The plight of being trans is difficult enough as a civilian, but add to it a touch of celebrity and the challenges augment tenfold. For Alexis Arquette, born Robert in 1969, the responsibility to positively portray trans women in a non-stereotypical, caricature-like manner was one she took seriously, beginning with her first role in Down and Out in Beverly Hills.
It was with 1989’s Last Exit to Brooklyn that Arquette landed her first major acting appearance as a transvestite named Georgette. The “fluke” circumstances of getting the part (it was because of her sister, Rosanna Arquette, who was already auditioning for the film, that Alexis was asked to try out as well) leads one to believe the part-time cabaret performer was destined to make an impression on the silver screen.

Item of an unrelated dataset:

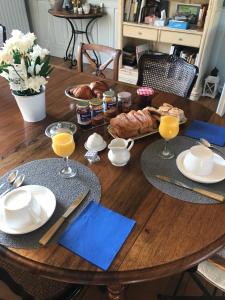 een houten tafel met eten en drinken erop bij Augustodun'Home in Autun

While few people (those cisgender types) can name anything Arquette has been in other than The Wedding Singer, the actress has appeared in over forty films, perhaps most importantly Killer Drag Queens on Dope. Always delivering pitch-perfect comedic timing, one would never have guessed at the personal struggle Arquette suffered, particularly with regard to the end of her life as she endured what has so far only been described as a “lengthy illness” (it was AIDS).
On the screen, though, Alexis was always larger than life, infusing the cinema with what it’s been sorely lacking since the 70s and 80s: camp. While Arquette hadn’t graced the camera since 2014’s Blended (which is something of an unfortunate last film to have on one’s resume), she will, if nothing else, always live on in glorious Boy George impersonating glory. We’ll never know what crime Alexis committed to deserve departing this earth at the age of forty-seven, but maybe there is another world, a better world.